Exercise objective:
Transcribe the entries below with complete accuracy, excluding the pictures.

Material to process:
--- --- ---
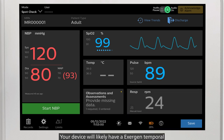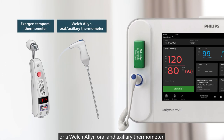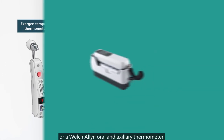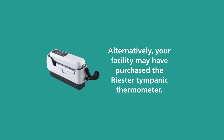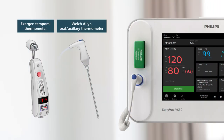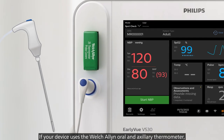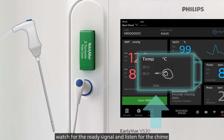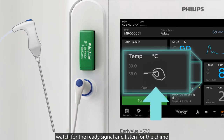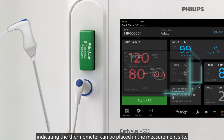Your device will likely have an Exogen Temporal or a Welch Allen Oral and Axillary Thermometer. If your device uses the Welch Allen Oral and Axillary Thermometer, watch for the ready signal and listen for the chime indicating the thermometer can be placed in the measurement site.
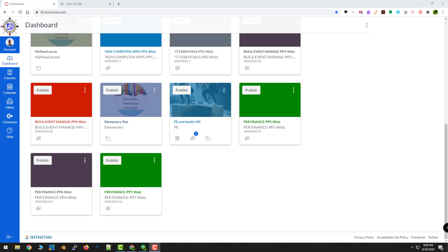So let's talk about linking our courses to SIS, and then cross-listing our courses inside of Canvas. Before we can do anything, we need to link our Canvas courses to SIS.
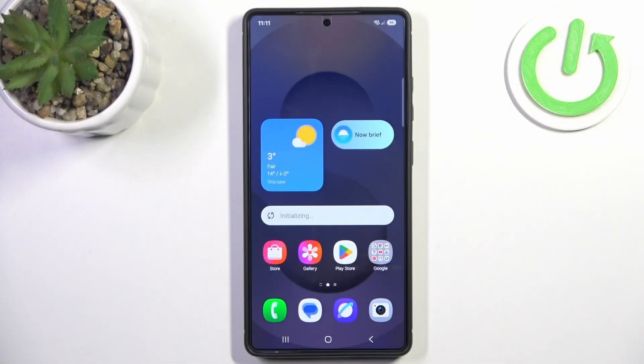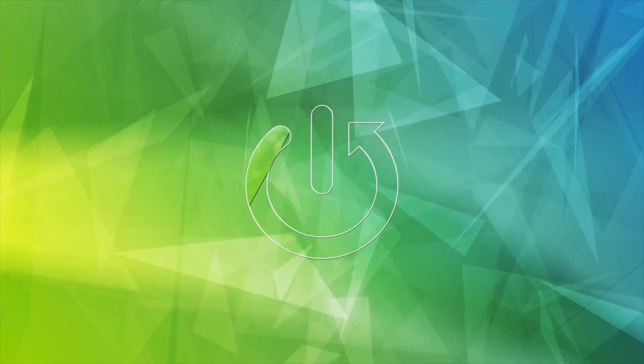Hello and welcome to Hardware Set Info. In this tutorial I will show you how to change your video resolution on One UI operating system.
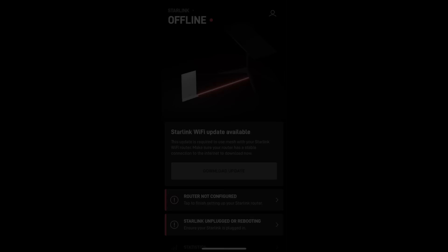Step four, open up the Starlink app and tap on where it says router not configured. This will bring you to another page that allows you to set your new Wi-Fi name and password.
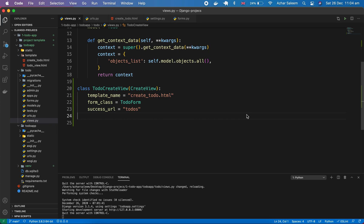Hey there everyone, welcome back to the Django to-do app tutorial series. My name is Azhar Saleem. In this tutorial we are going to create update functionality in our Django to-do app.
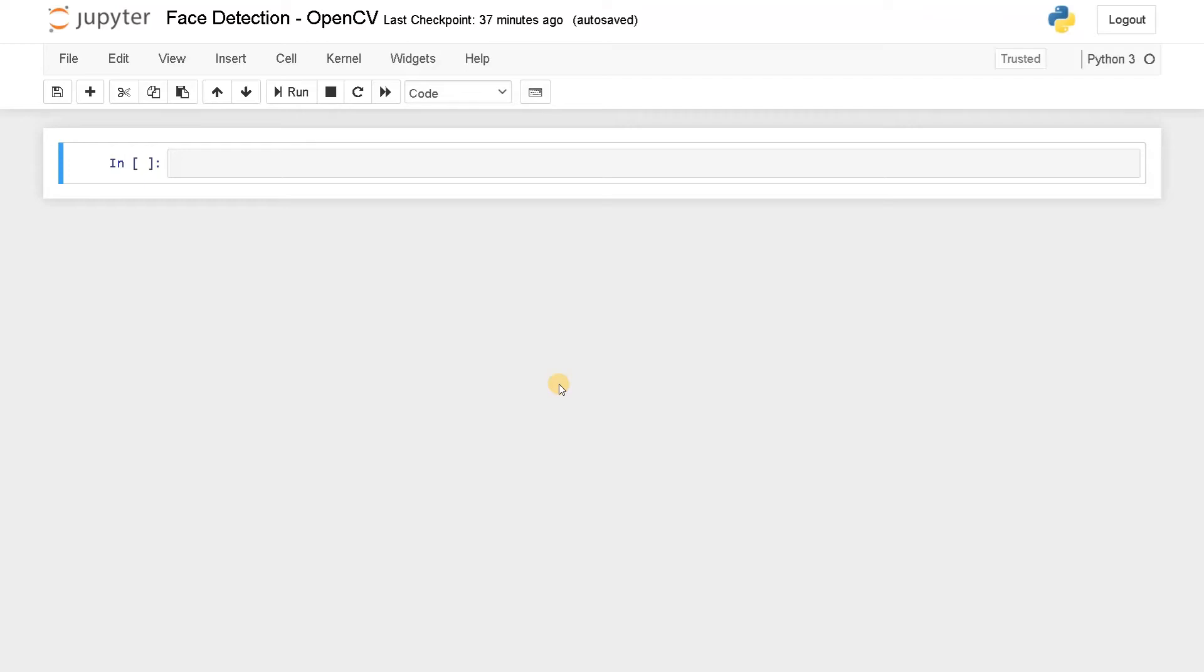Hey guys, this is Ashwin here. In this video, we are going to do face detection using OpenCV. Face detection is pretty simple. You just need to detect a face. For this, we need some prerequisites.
--- --- ---
Finished task:
Your device will likely have an Exogen Temporal or a Welch Allen Oral and Axillary Thermometer. If your device uses the Welch Allen Oral and Axillary Thermometer, watch for the ready signal and listen for the chime indicating the thermometer can be placed in the measurement site.
So let's talk about linking our courses to SIS, and then cross-listing our courses inside of Canvas. Before we can do anything, we need to link our Canvas courses to SIS.
Hello and welcome to Hardware Set Info. In this tutorial I will show you how to change your video resolution on One UI operating system.
Step four, open up the Starlink app and tap on where it says router not configured. This will bring you to another page that allows you to set your new Wi-Fi name and password.
Hey there everyone, welcome back to the Django to-do app tutorial series. My name is Azhar Saleem. In this tutorial we are going to create update functionality in our Django to-do app.
Hey guys, this is Ashwin here. In this video, we are going to do face detection using OpenCV. Face detection is pretty simple. You just need to detect a face. For this, we need some prerequisites.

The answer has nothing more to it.